U.S. public health officials and Pfizer Inc said on Thursday a vaccine could be prepared for distribution as soon as late October. That would be only in front of the U.S. political decision on Nov. 3 in which the pandemic is probably going to be a central point among voters choosing whether President Donald Trump wins a subsequent term.
“We are really not expecting to see widespread vaccination until the middle of next year,” Harris told a UN briefing in Geneva.
“This Phase 3 must take longer because we need to see how truly protective the vaccine is and we also need to see how safe it is,” she added. This referred to the phase-in vaccine research where large clinical trials among people are conducted. Harris did not refer to any specific vaccine candidate.
All data from trials must be shared and compared, Harris said.

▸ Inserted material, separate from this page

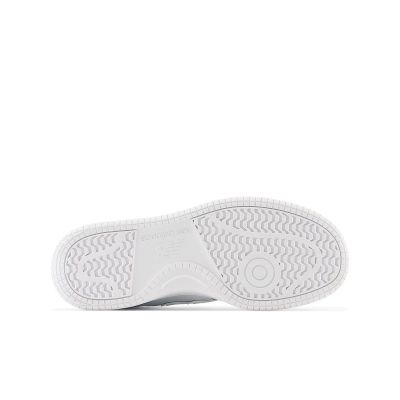 5. New Balance Jr GSB4803W Shoes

The WHO and GAVI vaccine alliance is leading a global vaccine allocation plan known as COVAX, which aims to help buy and distribute shots fairly. The focus is on first vaccinating the most high-risk people in every country such as health-care workers.
COVAX aims to procure and deliver two billion doses of approved vaccines by the end of 2021, but some countries that have secured their own supplies through bilateral deals, including the United States, have said they will not join.
Meanwhile, an independent panel appointed by the World Health Organization to review its coordination of the response to the COVID-19 pandemic will have full access to any internal UN agency documents, materials and emails necessary, the panel said Thursday as it began the probe.
The panel’s co-chairs are former Liberian president Ellen Johnson Sirleaf and former New Zealand prime minister Helen Clark.
The 11 others, announced during a media briefing, include Dr. Joanne Liu, who was an outspoken WHO critic during the 2014-16 Ebola outbreak in West Africa, and Dr. Zhong Nanshan, a renowned Chinese doctor who was the first to publicly confirm human-to-human transmission of the coronavirus.